Advisor
The advisor is an optional per-harness hook that lets a stronger model answer focused strategic questions during a trial.
How it works
Inside a harness run, an adapter can issue an AdvisorRequest whenever it hits a decision point:
@dataclass(frozen=True)
class AdvisorRequest:
goal: str # what the agent is trying to do overall
problem: str # the specific thing it is stuck on now
attempt: str | None = NoneThe advisor returns a structured response:
@dataclass(frozen=True)
class AdvisorResponse:
advice: str # strategic guidance
suggested_action: str # one concrete next step
confidence: float # 0.0 to 1.0
reasoning: str # why this suggestionThe advisor returns guidance only. It does not write output files or invoke tools. The agent decides what to do with the response.
Configuration
Advisor settings live in the harness config, not the task:
[advisor]
model = "au.anthropic.claude-sonnet-4-6" # the advising model
max_uses = 5 # calls allowed per trial
max_response_tokens = 500 # keep advice concise
context_window = 10 # recent turns to include
enabled = truemax_uses is a hard cap per trial.
Per-adapter context
Different adapters give the advisor different context.
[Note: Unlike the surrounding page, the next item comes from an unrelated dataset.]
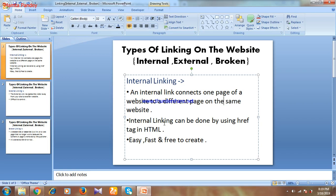Hi all, this is Mamata Pandey from my channel MPDigitalTech. Welcome to my channel. Today I'm going to take you to the topic: Types of Linking on the Website, and this is video number 12 of the on-page SEO series.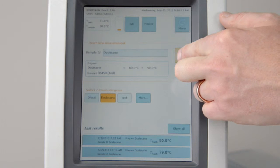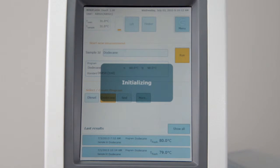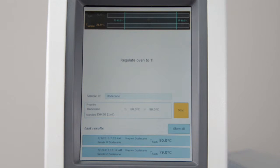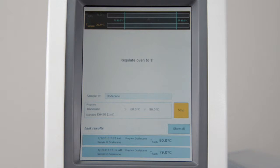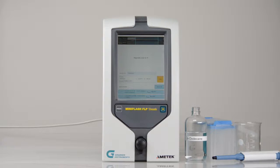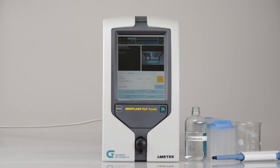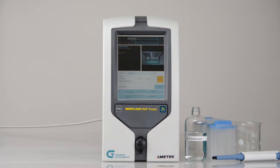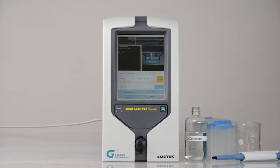Press the run button to start the measurement. In automatic mode, the instrument will regulate to the initial temperature and start the test immediately. You will hear three test ignitions before the sample cup is lifted inside the instrument.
A tool-loop adapter might show recent tool calls and their results. An RLM adapter might show recent REPL commands and scratchpad notes. The AdvisorContextStrategy protocol lets each adapter curate exactly what the advisor sees:
class AdvisorContextStrategy(Protocol):
def build_advisor_context(
self,
request: AdvisorRequest,
conversation_state: Any,
) -> list[dict[str, str]]: ...This is why the same advisor model can sensibly coach both a REPL agent and a tool-loop agent: the adapter shapes the context to match its own execution model.
Usage tracking
Advisor calls are tracked separately from the main agent's token budget:
class AdvisorUsageStats(StrictModel):
calls_made: int
calls_remaining: int
advisor_input_tokens: int
advisor_output_tokens: int
advisor_cost_usd: floatReports can surface these alongside the base cost so readers can see the split: "this run cost USD 0.42 to execute, plus USD 0.18 in advisor calls".
Failure handling
If the advisor call fails (network error, provider timeout, parsing failure), the agent receives a safe fallback response:
AdvisorResponse(
advice="Advisor unavailable - proceed on your own judgement",
suggested_action="continue",
confidence=0.0,
reasoning="advisor call failed",
)A fallback response means the trial continues without useful guidance; the zero confidence indicates the advice should be ignored.
When to use it
The advisor pays off when the base model is fast and cheap but stumbles on strategic choices, such as a Haiku executor with Sonnet as the coach. Two signals that it is worth wiring up:
- Your agent consistently makes early wrong-direction choices that ripple into the rest of the trial
- The cheap model is competent at execution but chooses poorly; raising its ceiling matters more than raising its throughput
For a strong base model, the advisor is usually overkill. Spend the tokens on longer turn budgets. For a weak base model, the advisor can lift a task's success rate at a fraction of the cost of upgrading the executor.